DIRECTIONS - In the records below, the relevant part opens with the line containing "Immunohistochemistry - Anti-MYC" and closes with the line containing "Gato raça SRD-ViraLata"; print that part exactly and only, without its pictures.

RECORDS FOR THIS EXERCISE -
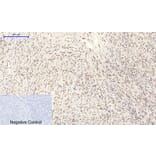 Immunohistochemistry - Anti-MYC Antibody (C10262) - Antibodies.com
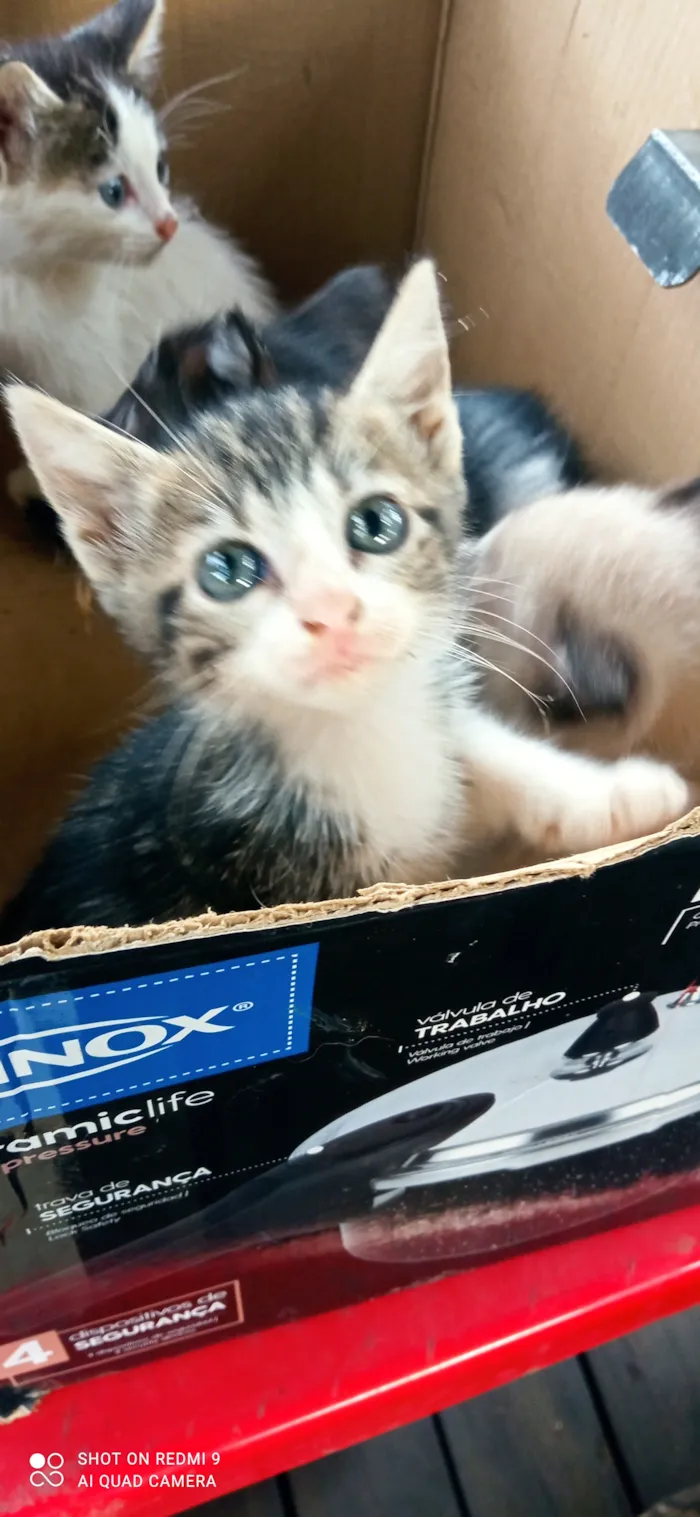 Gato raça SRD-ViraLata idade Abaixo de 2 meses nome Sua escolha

...

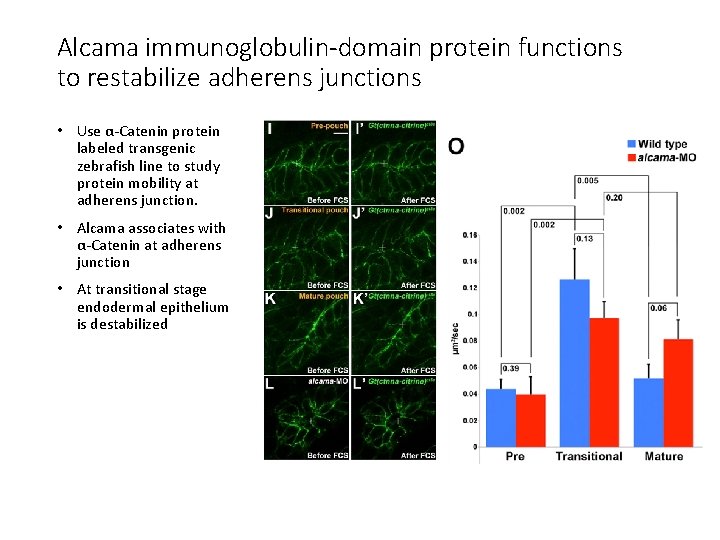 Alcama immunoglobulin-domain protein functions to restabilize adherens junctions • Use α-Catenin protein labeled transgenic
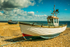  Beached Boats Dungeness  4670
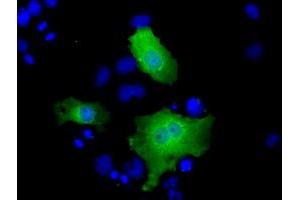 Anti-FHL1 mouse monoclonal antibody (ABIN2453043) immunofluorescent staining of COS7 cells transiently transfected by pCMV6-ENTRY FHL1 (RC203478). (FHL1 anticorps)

EXERCISE OUTPUT -
 Immunohistochemistry - Anti-MYC Antibody (C10262) - Antibodies.com
 Gato raça SRD-ViraLata idade Abaixo de 2 meses nome Sua escolha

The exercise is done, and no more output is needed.